Scraped caption text data
★ ★ ★
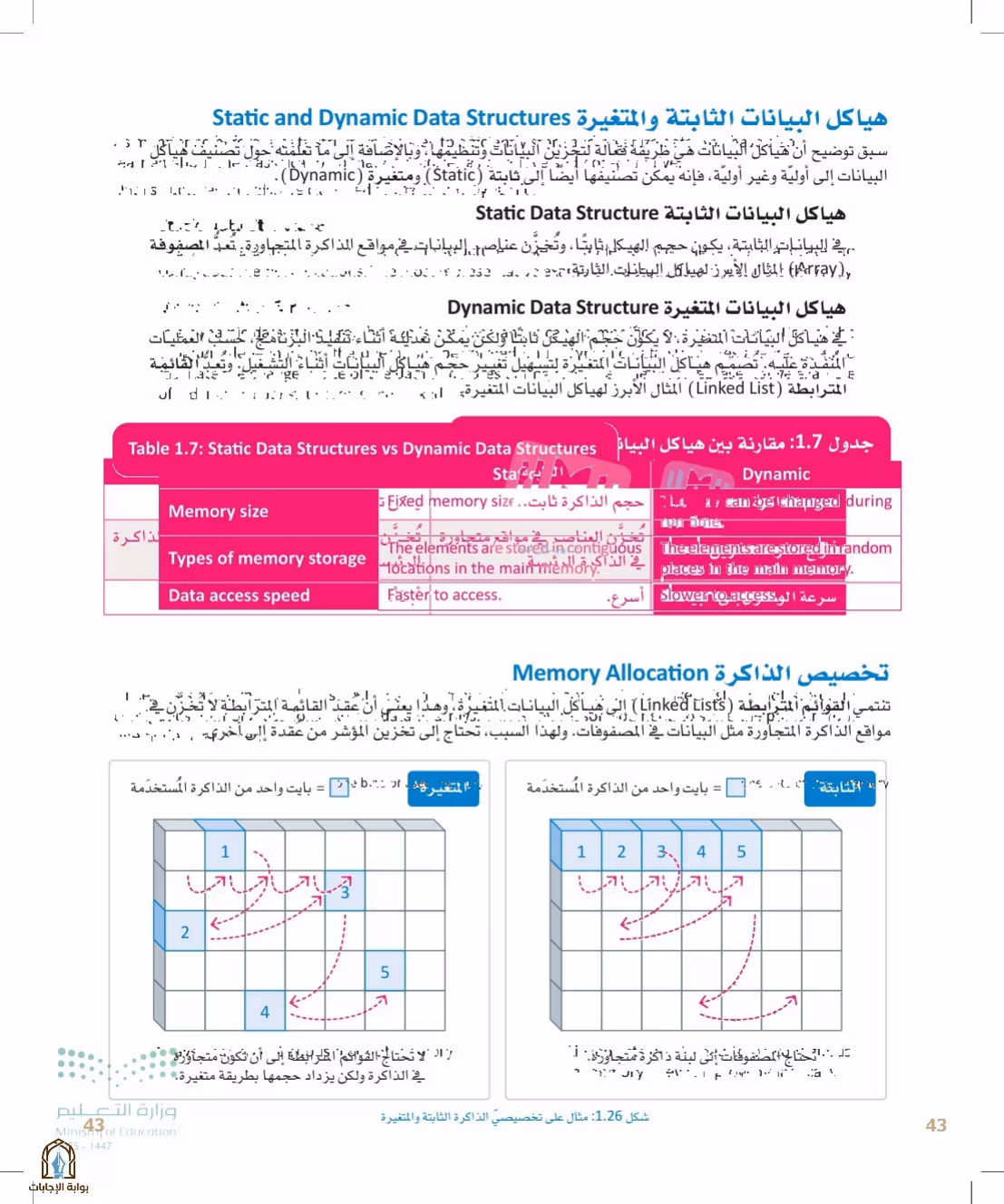 صفحة 43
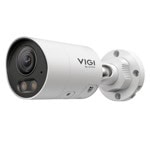 TP-Link InSight S345S(4MM)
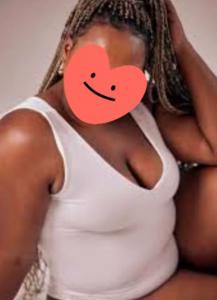 Chica busca chico en Gerona: 
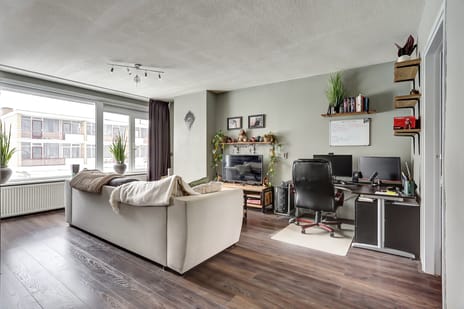 Manonstraat thumbnail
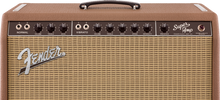 Load image into Gallery viewer, Fender 62 Super Amp
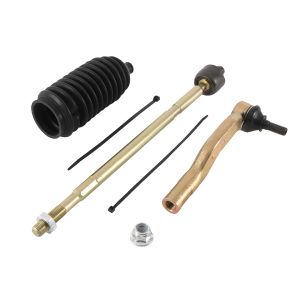 Tie Rod End Kit - no. 51-1085-L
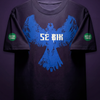RAVEN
★ ★ ★
| Work instruction |
Leave the pictures out, and copy exactly each line from the one containing "Manonstraat thumbnail" through the final line of the data.

| Result below |
 Manonstraat thumbnail
 Load image into Gallery viewer, Fender 62 Super Amp
 Tie Rod End Kit - no. 51-1085-L
RAVEN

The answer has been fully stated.